Nach dem Zweiten Weltkrieg lagen sowohl in Deutschland als auch in
Österreich die Naturwissenschaften am Boden. Die besten Leute waren
Jahre zuvor ausgewandert, den Rest teilten sich nach Kriegsende die
Amerikaner und die Sowjetunion unter sich auf. Im Laufe der Jahre gelang
es Deutschland unter großen Anstrengungen und in Zusammenarbeit
mit den Amerikanern, die Naturwissenschaften wieder aufzubauen. Die
Zahl der Nobelpreisträger spricht eine klare Sprache. In den klassischen
Hochleistungssparten Medizin, Chemie und Physik gab es nach dem 2. Weltkrieg
für Deutschland 32, für Österreich hingegen nur zwei
oder drei Nobelpreise – je nach nationaler Zuordnung. Die kleine
Schweiz brachte in den genannten Fächern zur gleichen Zeit 14 Nobelpreise
zustande.
Schlimmer noch: Die österreichischen Nachkriegs-Nobelpreise waren
gewissermaßen geliehen, denn sie waren im Ausland erarbeitet worden.
Wolfgang Pauli hatte seine Theorien vor dem Zweiten Weltkrieg in den
USA und in der Schweiz gewonnen, wo er als Schweizer Staatsbürger
auch starb.
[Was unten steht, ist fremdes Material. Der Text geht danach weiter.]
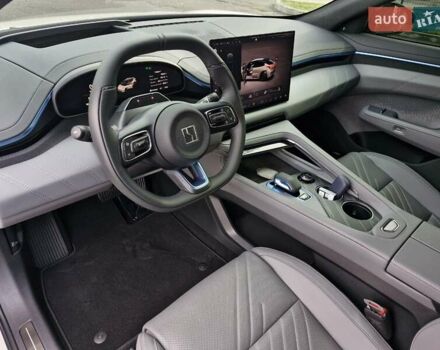 Zeekr 001 2025 в Николаеве на Automoto.ua Бежевый Zeekr 001, объемом двигателя 0 л и пробегом 10 тыс. км за 51999 $, фото 18 на Automoto.ua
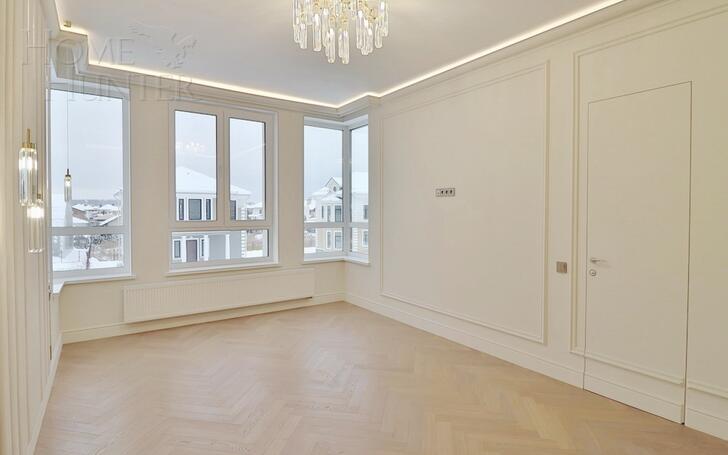 2-этажный коттедж 240 м² с отделкой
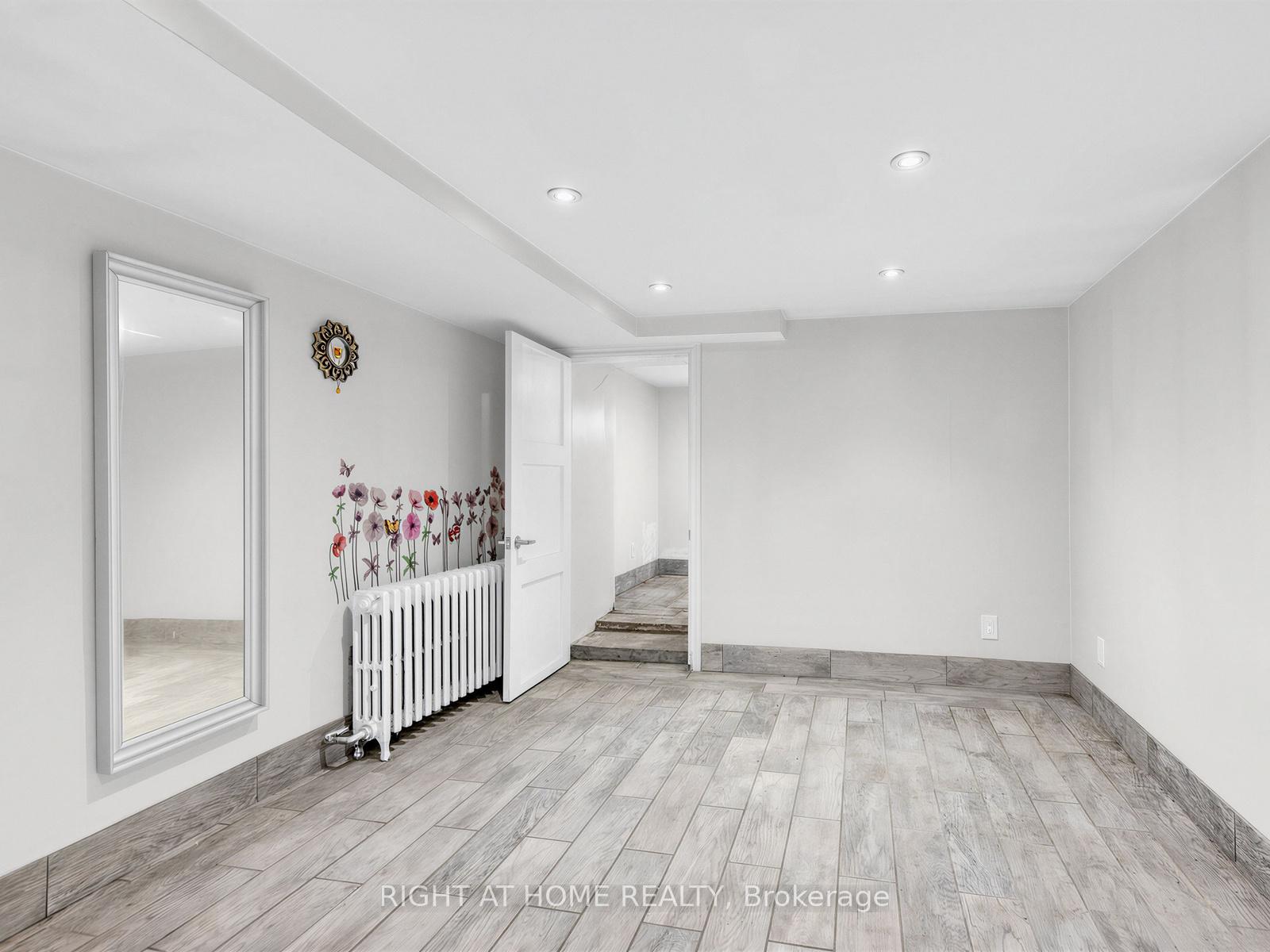 Photo 33 of 91 Borden Street, Toronto, University — HOMEH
Max Perutz emigrierte früh und war in England erfolgreich
und Konrad Lorenz, dessen bahnbrechende Erkenntnisse nur von Biologen
verstanden werden, hatte seine Forschungsarbeiten in Deutschland gemacht.
Eric Kandel, der im Jahr 2000 auch ein wenig als österreichischer
Nobelpreisträger gefeiert worden war, hatte als elfjähriger
jüdischer Bub gezwungenermaßen auswandern müssen. In
Österreich entstand im letzten halben Jahrhundert keine einzige
nobelpreiswürdige Arbeit.
Was ist schief gelaufen? Es ist nicht nur die vernachlässigte
Wissenschaftspolitik der letzten fünfzig Jahre, die zu falschen
Sparmaßnahmen geführt hat. Es ist auch eine wissenschaftsfeindliche
Grundstimmung, verbunden mit der arroganten Einstellung in Österreich,
die bereits in der Mitte des 19. Jahrhunderts dazu geführt hatte,
dass ein Mönch namens Gregor Mendel (der Begründer der modernen
Genetik) an der Universität Wien kein Abschlussdiplom erhielt,
weil ein Professor der Meinung war, ein Geistlicher solle nicht Biologie
betreiben.
Es schaut immer noch düster aus: Die Vertreter einer scheinheiligen
Bildungspolitik tragen die „Chancengleichheit“ wie ein Mantra
vor sich her und meinen in Wahrheit Ergebnisgleichheit. Wahre Chancengleichheit
wäre in der Tat wünschenswert, Ergebnisgleichheit ist abwegig.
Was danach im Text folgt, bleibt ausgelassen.